New restrictions on Pension Credit claims by mixed-aged couples are expected to save around £1.1bn over the next five years, according to government estimates published on Thursday.
Currently, couples can claim pension credit — or top-up payments for the poorest pensioners — if they are “mixed age”, or where one is over state pension age and one is not.
Changes, coming into force in May, will restrict Pension Credit payments to couples where both are over state pension age, currently 65 for men and women.
When the change was announced in January, some pension experts forecast the restriction would leave mixed-aged couples £7,000 a year worse off.
According to policy costings released on Thursday by the Department for Work and Pensions, the measure will save nearly £1.1bn over the next years starting with £45m in 2019/20, rising to £385m in 2023/24.
Around 195,000 mixed age couples are estimated to be affected over the period by the measure, which will only apply to new claims from May 15.
Detail on the size of expected savings from the restriction came two months after ministers were accused of “sneaking out” news of the change on the eve of a crucial Brexit vote in January.
“Given the very substantial savings involved for the government and the damaging impact this change will have on some household incomes, it is hardly surprising they didn’t want to draw attention to it,” said Tom McPhail, head of policy with Hargreaves Lansdown, the investment managers.
“It is perhaps telling the DWP has contextualised its announcement today by including in its statement data relating to the department’s total annual expenditure, which amounts to over £120bn a year.

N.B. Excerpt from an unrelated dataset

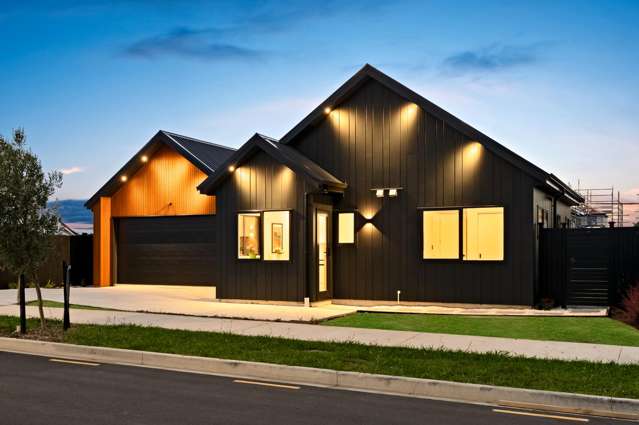 8 Acorn Parish Lane Clevedon_2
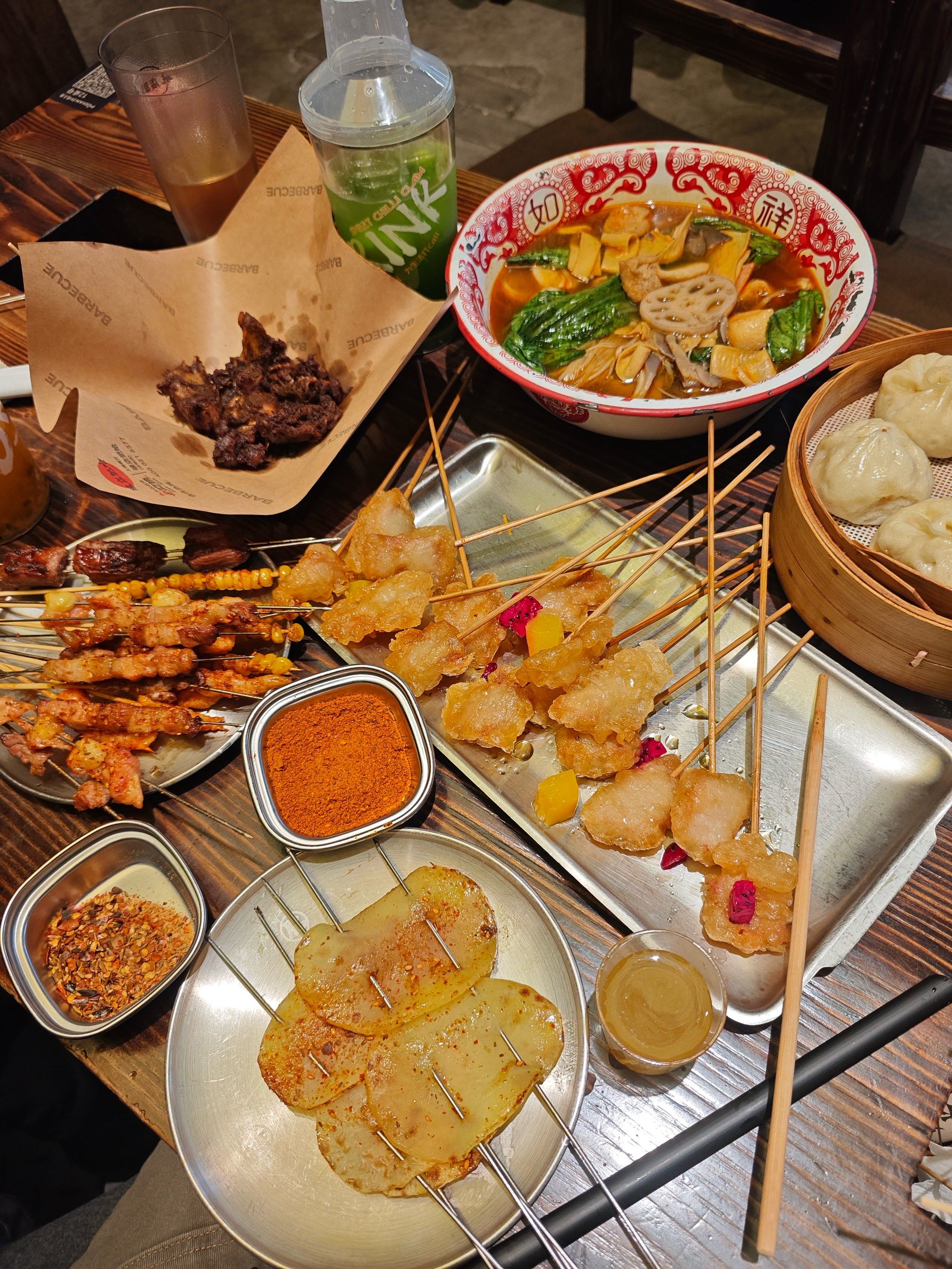 78美食网78美食网，品味美食，探索美食之旅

In that context, £1bn may seem like a small sum, nevertheless the impact on individuals and their household spending will amount to hundreds or even thousands of pounds a year and for some it could present real problems.”
In announcing the changes in a written statement, Guy Opperman, under secretary of state for pensions and financial inclusion, said pension credit was designed to provide long-term support for pensioner households who were no longer economically active.
“It is not designed to support working-age claimants,” Mr Opperman wrote.
The reforms were originally approved by parliament in 2012. Last year, Mr Opperman said he would implement the change once universal credit was available nationally for new claims.